【特集】「やってきた練習は正しい方向だった」…男子フリースタイル96kg級・磯川孝生(徳山大職)【2009年9月21日】

(文=樋口郁夫、撮影=矢吹建夫)



 日本チームの先陣を切ってマットに上がった96kg級の磯川孝生(徳山大職)は、初戦のディエゴ・ロドリゲス(ブラジル)戦で開始すぐに正面タックルを決める積極さで闘いをスタート。強固な守りで相手の攻撃を許さず、2−0(2-0,1-0)で勝って幸先いい世界デビュー戦となった。

 しかし、2回戦で米国学生選手のジェイク・バーナーにポイントを取ることができず、第1・2ピリオドとも0−1のスコアで黒星。ボロ負けしたわけではないが、「勝てなきゃダメ。一生懸命に闘ったが、相手の方が上だった」と、相手の実力を認めた(右写真)

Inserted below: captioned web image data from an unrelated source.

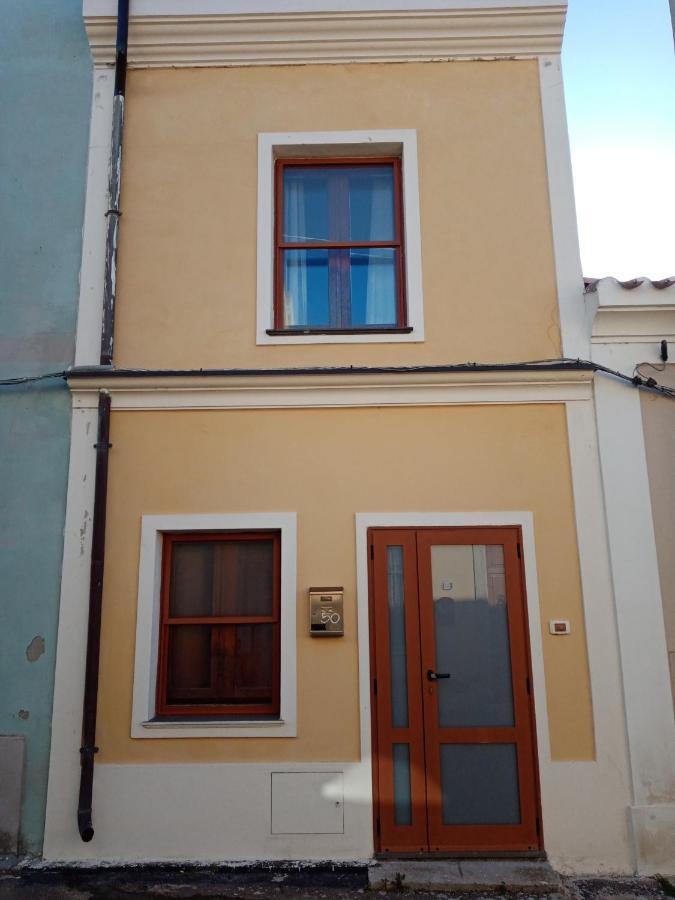 La Casa Di Gaia Villa Càbras Eksteriør billede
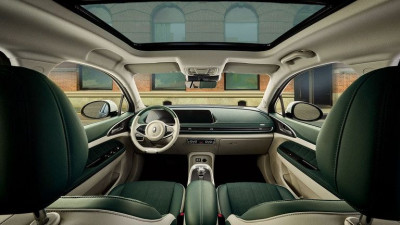 Новый автомобиль Ora 03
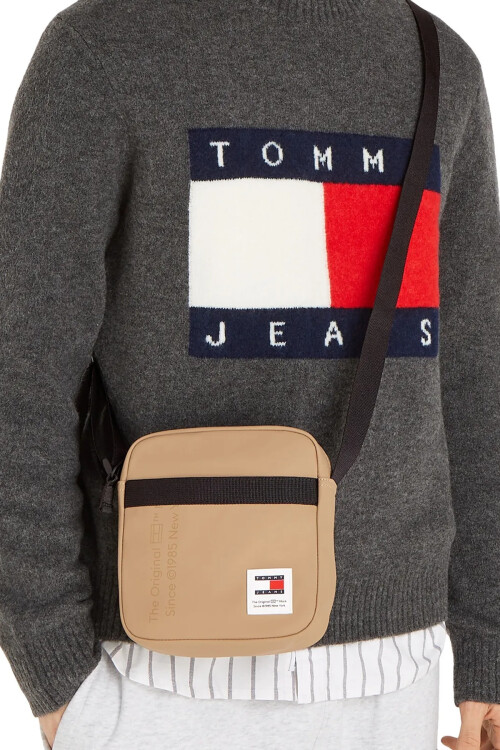 Erkek TJM DAILY Postacı Çantası - Tommy Hilfiger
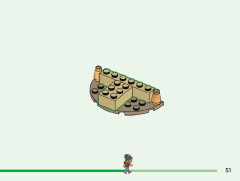 LEGO 71789 instructions page 51 – build guide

 1回戦は快勝と言える結果と内容だった。「世界の闘いは厳しいと思っていて、1試合でも勝てればいいと思っていた。1回勝ててよかった。内容もよかった」と振り返った。小平清貴コーチ(警視庁)とやってきた練習の成果を出すことができ、「練習が正しい方向だったことを確認できた」とも言う。2回戦は相手の圧力に負けたという。やはりパワーの重要性を感じたようで、「今は劣っていても、ロンドン五輪までには追いつきたい。追いつく」ときっぱり。

 小平コーチは「パワーが足りず、わずかの差だった」と総括。米国戦は組み合いすぎたそうで、パワーのある相手との闘い方に「もうひと工夫ほしかった」と注文。こうしたことは、すべて実戦経験を通じて学んでいくもの。「世界の闘いを数多く経験する中から実力をつけてほしい」と続けた。「基本的な体力をしっかりつけさせたい。オリンピックに行けるかどうかの瀬戸際のラインにはいる。ここを乗り切れば、オリンピック出場が見えてくる」と結んだ。

 また、佐藤満強化委員長は、これまで重量級にありがちだった何もしないまま試合が終わったわけではないことを認め、「少しの努力で壁を破れる」と、健闘を評価した。